### Listed entries
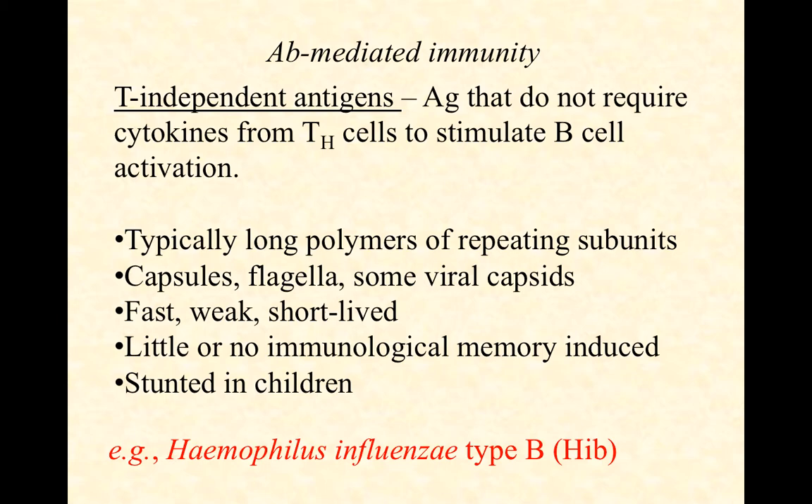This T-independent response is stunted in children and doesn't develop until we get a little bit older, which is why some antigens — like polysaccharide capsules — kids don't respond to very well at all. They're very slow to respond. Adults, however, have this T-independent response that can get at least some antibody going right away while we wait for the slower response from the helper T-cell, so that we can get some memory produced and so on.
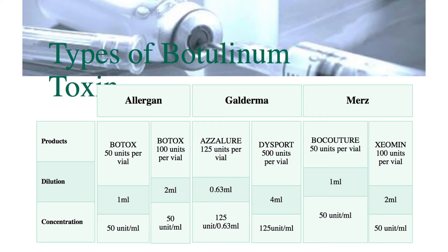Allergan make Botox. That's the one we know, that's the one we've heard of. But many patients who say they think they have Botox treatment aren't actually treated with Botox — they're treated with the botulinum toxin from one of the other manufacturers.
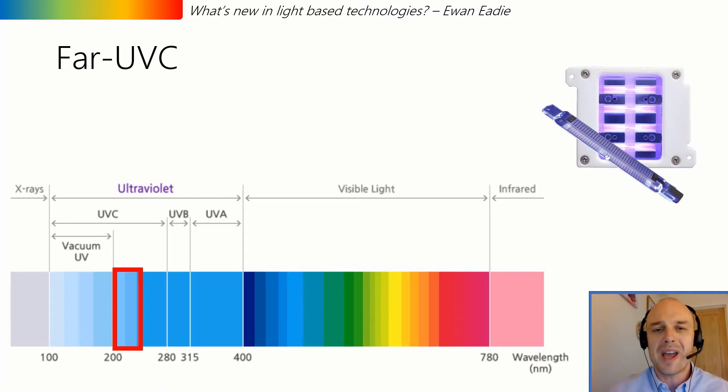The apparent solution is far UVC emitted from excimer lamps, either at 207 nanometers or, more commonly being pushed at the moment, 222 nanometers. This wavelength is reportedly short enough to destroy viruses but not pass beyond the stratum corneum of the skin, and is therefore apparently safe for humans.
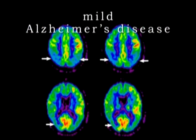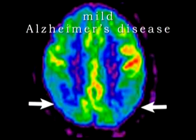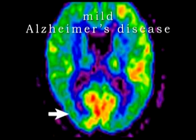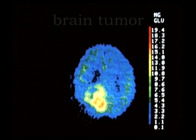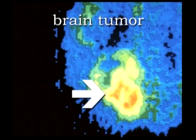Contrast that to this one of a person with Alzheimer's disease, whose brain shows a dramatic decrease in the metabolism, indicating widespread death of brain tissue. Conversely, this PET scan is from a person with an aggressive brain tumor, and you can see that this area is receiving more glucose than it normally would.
---
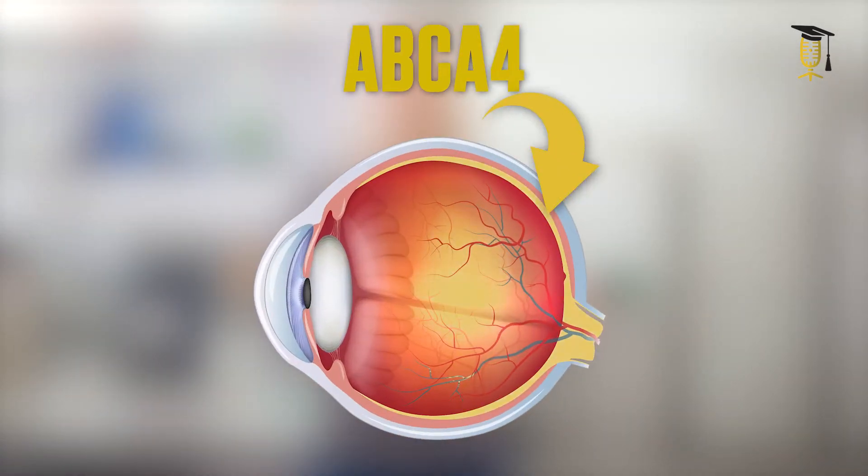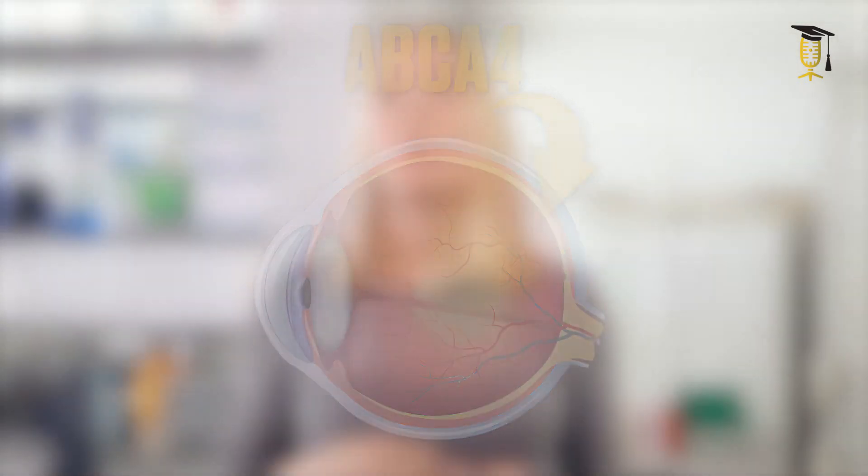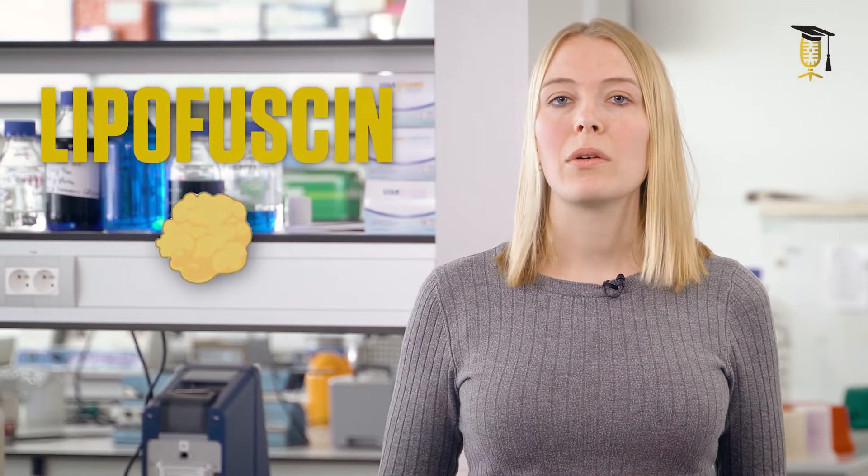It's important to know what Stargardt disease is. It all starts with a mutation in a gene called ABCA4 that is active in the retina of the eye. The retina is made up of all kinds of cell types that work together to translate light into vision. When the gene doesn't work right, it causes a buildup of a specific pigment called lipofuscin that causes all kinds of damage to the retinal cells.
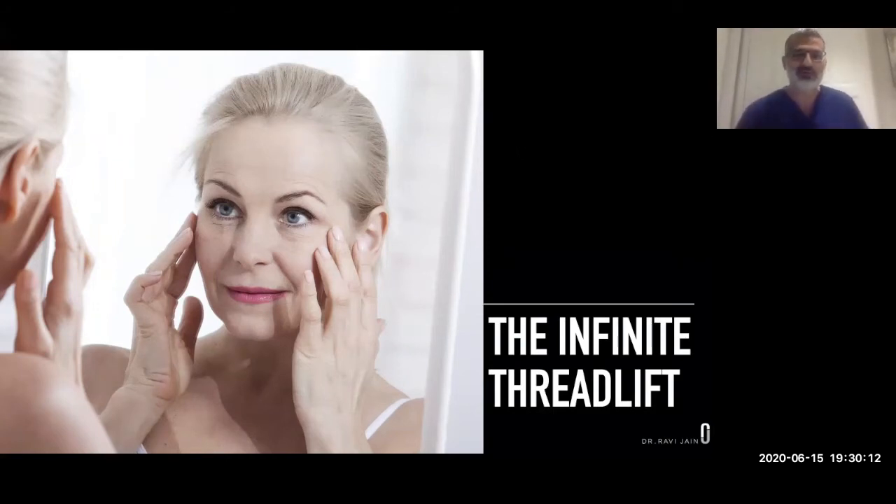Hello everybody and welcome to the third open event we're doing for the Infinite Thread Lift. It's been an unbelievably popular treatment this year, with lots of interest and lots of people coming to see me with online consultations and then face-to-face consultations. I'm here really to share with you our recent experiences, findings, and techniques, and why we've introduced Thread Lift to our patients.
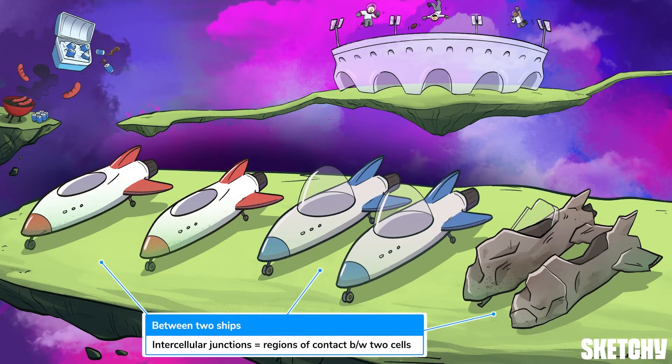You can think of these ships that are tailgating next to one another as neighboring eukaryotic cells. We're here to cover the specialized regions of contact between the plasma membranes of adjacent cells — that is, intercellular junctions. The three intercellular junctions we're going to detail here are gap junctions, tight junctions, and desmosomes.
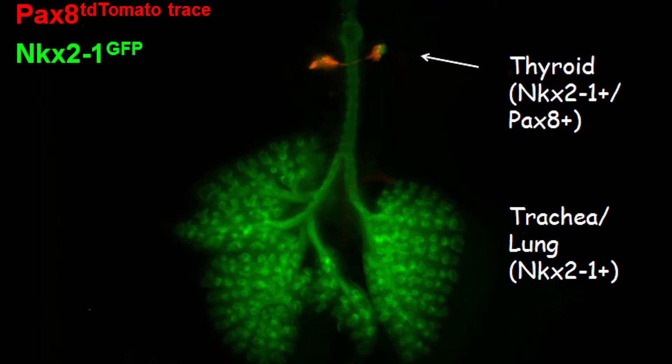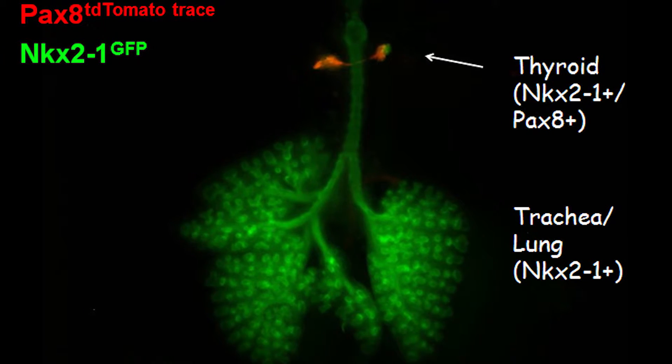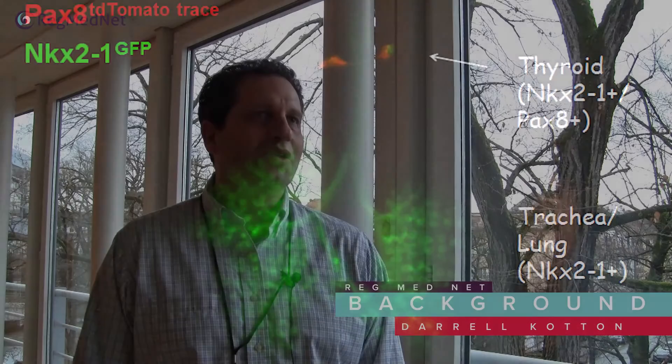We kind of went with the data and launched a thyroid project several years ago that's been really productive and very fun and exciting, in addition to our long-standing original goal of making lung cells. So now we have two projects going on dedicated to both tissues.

### What you are asked to do
For the entries above, print exactly the lines between the one with "You can think" and the one with "We kind of went", inclusive, with no pictures.

### Problem solution
You can think of these ships that are tailgating next to one another as neighboring eukaryotic cells. We're here to cover the specialized regions of contact between the plasma membranes of adjacent cells — that is, intercellular junctions. The three intercellular junctions we're going to detail here are gap junctions, tight junctions, and desmosomes.
We kind of went with the data and launched a thyroid project several years ago that's been really productive and very fun and exciting, in addition to our long-standing original goal of making lung cells. So now we have two projects going on dedicated to both tissues.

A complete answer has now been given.